January 8, 2010 at 19:19
Again… Trilobites are extinct, BUT Trilobites and Isopods are still the same kind of things. different species, but they both came from a “common” ancestor. That was his point.
January 9, 2010 at 16:40
They are sister groups in the arthropod clade–organisms with jointed legs, as their name states, because they have external skeletons. But to say that trilobites are the same as isopods is the same as saying that spiders are millipedes, scorpions are water fleas, or barnacles are butterflies. The trilobites are extinct. Hovind’s point was that trilobites are not extinct. He is wrong.
Incidentally, Hovind’s “doctoral dissertation” for Patriot Bible “University” is up on the web. Take a look: I doubt it would get a “C” as a term paper for a Grade 9 student. (Hat tip to Dispatches from the Culture Wars.”
November 30, 2010 at 22:26
It’s already shown that insects are a side-branch within crustaceans.

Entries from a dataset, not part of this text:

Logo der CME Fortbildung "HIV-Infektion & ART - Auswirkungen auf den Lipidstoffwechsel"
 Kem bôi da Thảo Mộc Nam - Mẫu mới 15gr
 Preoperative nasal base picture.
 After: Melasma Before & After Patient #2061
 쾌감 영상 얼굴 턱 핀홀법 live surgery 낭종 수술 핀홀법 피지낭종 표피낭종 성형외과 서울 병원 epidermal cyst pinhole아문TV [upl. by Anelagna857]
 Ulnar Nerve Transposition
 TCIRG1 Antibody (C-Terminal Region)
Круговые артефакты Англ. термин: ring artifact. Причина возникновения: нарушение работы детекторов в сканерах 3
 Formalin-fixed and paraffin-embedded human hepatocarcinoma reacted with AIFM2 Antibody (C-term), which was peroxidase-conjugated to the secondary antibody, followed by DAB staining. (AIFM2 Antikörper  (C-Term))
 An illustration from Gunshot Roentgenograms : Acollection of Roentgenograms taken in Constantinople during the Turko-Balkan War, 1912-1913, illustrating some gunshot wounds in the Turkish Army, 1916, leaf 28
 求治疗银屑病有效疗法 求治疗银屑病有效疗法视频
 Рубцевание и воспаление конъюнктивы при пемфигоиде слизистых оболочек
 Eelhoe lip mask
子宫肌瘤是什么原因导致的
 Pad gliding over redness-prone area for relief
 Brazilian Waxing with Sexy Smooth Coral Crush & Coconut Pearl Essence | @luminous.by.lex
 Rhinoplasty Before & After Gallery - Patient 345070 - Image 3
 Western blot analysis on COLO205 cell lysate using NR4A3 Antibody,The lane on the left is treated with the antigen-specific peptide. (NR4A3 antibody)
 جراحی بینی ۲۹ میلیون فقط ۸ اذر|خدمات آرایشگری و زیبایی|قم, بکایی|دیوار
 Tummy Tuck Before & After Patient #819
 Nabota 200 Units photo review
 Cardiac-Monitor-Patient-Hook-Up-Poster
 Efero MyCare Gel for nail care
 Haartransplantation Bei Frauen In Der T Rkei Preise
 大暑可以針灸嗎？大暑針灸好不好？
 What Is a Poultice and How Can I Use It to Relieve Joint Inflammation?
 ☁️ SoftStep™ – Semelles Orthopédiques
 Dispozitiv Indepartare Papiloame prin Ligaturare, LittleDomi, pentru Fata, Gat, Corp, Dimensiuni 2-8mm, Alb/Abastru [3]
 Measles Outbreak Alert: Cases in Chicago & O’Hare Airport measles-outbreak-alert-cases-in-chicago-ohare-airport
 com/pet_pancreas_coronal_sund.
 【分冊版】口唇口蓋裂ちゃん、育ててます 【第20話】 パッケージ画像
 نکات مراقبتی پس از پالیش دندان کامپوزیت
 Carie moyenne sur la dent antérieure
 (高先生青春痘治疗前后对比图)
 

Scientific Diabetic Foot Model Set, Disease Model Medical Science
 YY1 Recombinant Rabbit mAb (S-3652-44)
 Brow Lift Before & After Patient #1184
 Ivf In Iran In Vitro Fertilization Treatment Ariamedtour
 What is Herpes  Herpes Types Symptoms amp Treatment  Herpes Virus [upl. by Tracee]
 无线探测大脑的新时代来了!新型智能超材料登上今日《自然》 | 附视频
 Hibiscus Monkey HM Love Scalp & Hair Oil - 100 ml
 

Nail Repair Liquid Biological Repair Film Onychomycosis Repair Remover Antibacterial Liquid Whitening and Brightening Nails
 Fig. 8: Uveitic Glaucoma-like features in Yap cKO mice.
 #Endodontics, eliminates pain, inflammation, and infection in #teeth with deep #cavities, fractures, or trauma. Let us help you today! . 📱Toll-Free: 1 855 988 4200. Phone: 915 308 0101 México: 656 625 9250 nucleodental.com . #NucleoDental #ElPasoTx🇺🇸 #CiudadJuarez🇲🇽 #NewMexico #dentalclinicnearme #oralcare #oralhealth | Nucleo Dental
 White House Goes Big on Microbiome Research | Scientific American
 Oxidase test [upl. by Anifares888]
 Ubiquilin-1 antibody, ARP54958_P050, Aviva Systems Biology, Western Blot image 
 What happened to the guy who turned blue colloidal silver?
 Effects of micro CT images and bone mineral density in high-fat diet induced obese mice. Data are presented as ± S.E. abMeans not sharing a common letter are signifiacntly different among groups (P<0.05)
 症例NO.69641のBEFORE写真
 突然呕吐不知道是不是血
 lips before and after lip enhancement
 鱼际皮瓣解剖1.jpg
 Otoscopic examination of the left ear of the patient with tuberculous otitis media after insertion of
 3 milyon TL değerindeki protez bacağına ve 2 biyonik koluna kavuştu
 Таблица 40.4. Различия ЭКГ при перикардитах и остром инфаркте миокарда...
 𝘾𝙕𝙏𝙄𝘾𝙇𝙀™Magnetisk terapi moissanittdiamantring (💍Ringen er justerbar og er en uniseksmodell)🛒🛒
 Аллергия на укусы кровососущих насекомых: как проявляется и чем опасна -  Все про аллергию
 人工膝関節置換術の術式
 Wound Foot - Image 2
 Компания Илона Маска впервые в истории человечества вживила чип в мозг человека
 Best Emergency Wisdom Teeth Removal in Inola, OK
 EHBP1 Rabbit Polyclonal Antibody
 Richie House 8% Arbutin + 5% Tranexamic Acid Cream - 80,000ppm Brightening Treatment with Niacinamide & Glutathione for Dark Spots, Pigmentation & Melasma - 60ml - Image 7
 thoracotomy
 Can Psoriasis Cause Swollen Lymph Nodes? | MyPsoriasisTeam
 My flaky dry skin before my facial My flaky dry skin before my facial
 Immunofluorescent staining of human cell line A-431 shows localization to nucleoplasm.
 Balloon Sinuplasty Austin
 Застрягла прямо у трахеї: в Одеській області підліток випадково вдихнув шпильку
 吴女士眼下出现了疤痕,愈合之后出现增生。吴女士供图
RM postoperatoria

So what is it that makes trilobites more distant to crustaceans than insects ?
anyone can tell me ?
March 30, 2011 at 02:37
The post above says:
Trilobites are distinguished by the three lengthwise sections of the body
I looked up these three sections of the trilobite:
Head Body/Thorax Tail/Abdomen
The SAME 3 lengthwise segments of the isopod.
Other than that one point, he does not distinguish the isopod or the trilobite in any biological manner. This makes me think the isopod is a modern trilobite if there is nothing biological to distinguish the 2.
March 31, 2011 at 11:22
I’m impressed that not only did you fail to read the chart, which clearly shows that isopods, spiders, and butterflies are equally distant from trilobites; you also don’t understand what “lengthwise” means. The three lengthwise lobes of a trilobite are left, centre, right. Meanwhile, an isopod has a cephalothorax, which is a head fused with the first thoracic segment; then two to nine thoracic segments; then about six abdomen segments; and finally tail segments. It’s not exactly the classic crosswise division into head, thorax, and abdomen, although you can find it over-simplified to such in lessons for fourth-graders
April 23, 2014 at 23:47
What came first the chicken or the egg. My question is how did the giant isopod evolved ?
February 6, 2018 at 09:51
Welcome to the Ultra Nerd Debate 5000.